▶ ACTIVITY
Print the records below exactly, with no pictures.

▶ PROVIDED RECORDS

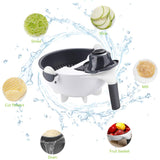 New 9 in 1 Multifunction Magic Rotate Vegetable Cutter with Drain Basket Large Capacity Vegetables Chopper Veggie Shredder Grater Portable Slicer Kitchen Tool with 8 Dicing Blades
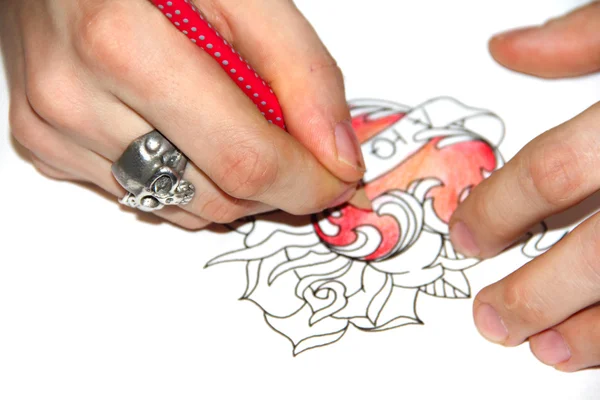 Tatto artist drawing sketch — Stock Photo, Image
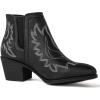 imageGLOBALWIN Womens Cowgirl boots Western Short Ankle Pull On Comfortable Cowboy Boots For Women Low Heel21yy01 Black3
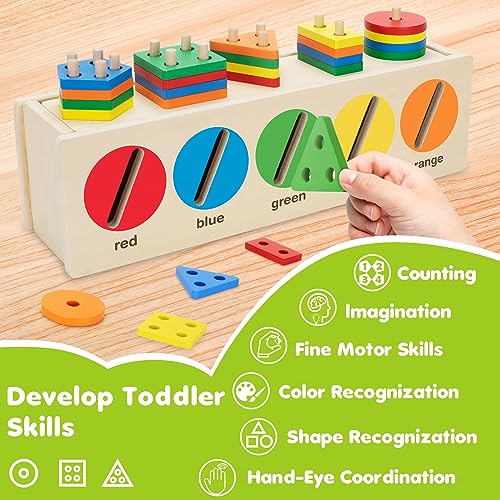 VOpitos Montessori Toys for Toddler 1+ Year Old, Wooden Color & Shape
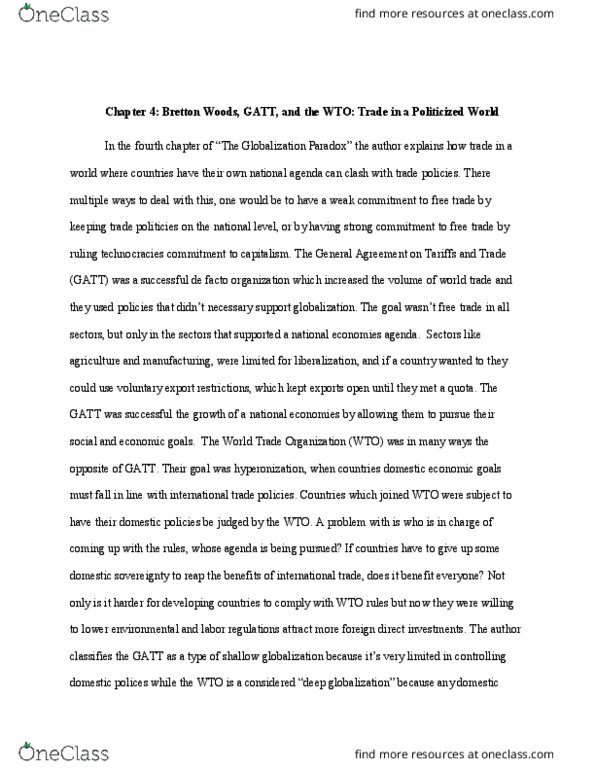 01:790:358 Chapter Notes - Chapter 4: General Agreement On Tariffs And Trade, World Trade Organization thumbnail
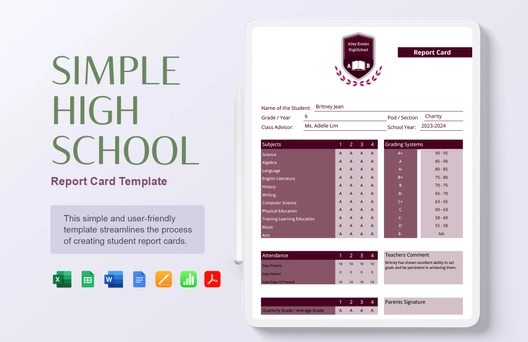 Simple High School Report Card Template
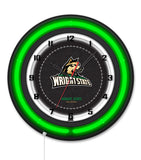 Wright State University Black Case Neon Clock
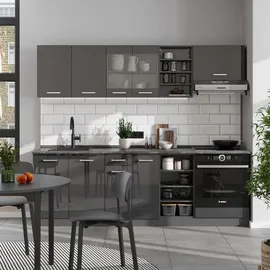 Vicco Küchenzeile R-Line 240 cm Anthrazit Hochglanz/Eiche grau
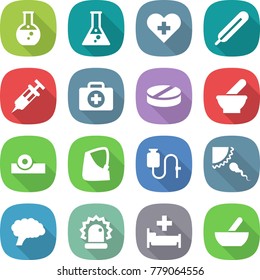 flat vector icon set - round flask vector, heart cross, medical thermometer, syringe, doctor case, pill, mortar, head reflector, broken hand, dropper, sperm, brain, alarm, hospital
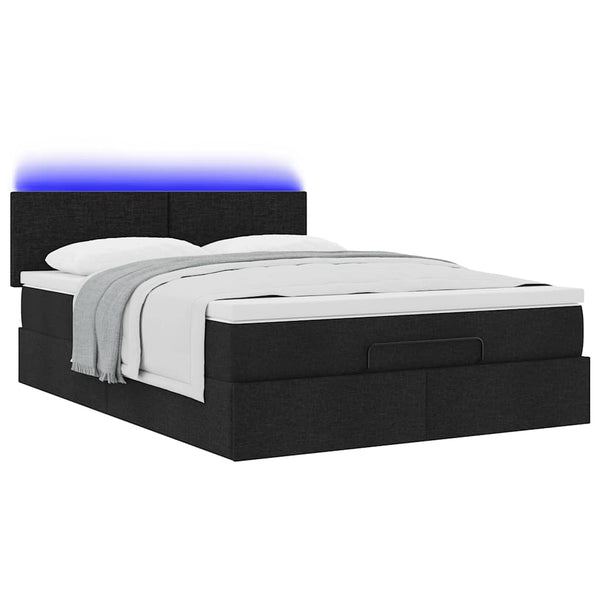 Ottomane Bett mit Matratze & LEDs 140x190 cm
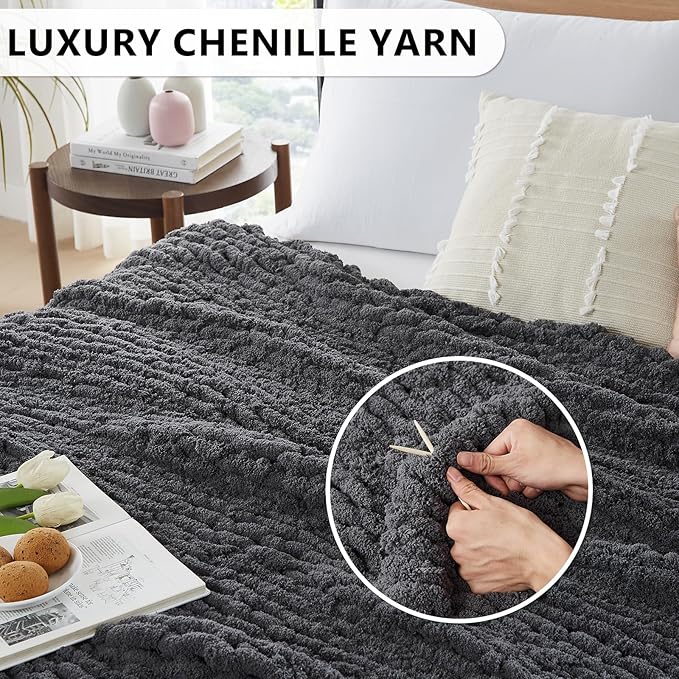 L'AGRATY Chunky Knit Blanket Throw: 80''x90'' Chenille Chunky Knitted Throw Blanket for Bed Couch - Handmade Thick Big Cable Knit Blanket - Large Chunky Crochet Blanket for Home Decor(Dark Grey)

▶ TASK SOLUTION
 New 9 in 1 Multifunction Magic Rotate Vegetable Cutter with Drain Basket Large Capacity Vegetables Chopper Veggie Shredder Grater Portable Slicer Kitchen Tool with 8 Dicing Blades
 Tatto artist drawing sketch — Stock Photo, Image
 imageGLOBALWIN Womens Cowgirl boots Western Short Ankle Pull On Comfortable Cowboy Boots For Women Low Heel21yy01 Black3
 VOpitos Montessori Toys for Toddler 1+ Year Old, Wooden Color & Shape
 01:790:358 Chapter Notes - Chapter 4: General Agreement On Tariffs And Trade, World Trade Organization thumbnail
 Simple High School Report Card Template
 Wright State University Black Case Neon Clock
 Vicco Küchenzeile R-Line 240 cm Anthrazit Hochglanz/Eiche grau
 flat vector icon set - round flask vector, heart cross, medical thermometer, syringe, doctor case, pill, mortar, head reflector, broken hand, dropper, sperm, brain, alarm, hospital
 Ottomane Bett mit Matratze & LEDs 140x190 cm
 L'AGRATY Chunky Knit Blanket Throw: 80''x90'' Chenille Chunky Knitted Throw Blanket for Bed Couch - Handmade Thick Big Cable Knit Blanket - Large Chunky Crochet Blanket for Home Decor(Dark Grey)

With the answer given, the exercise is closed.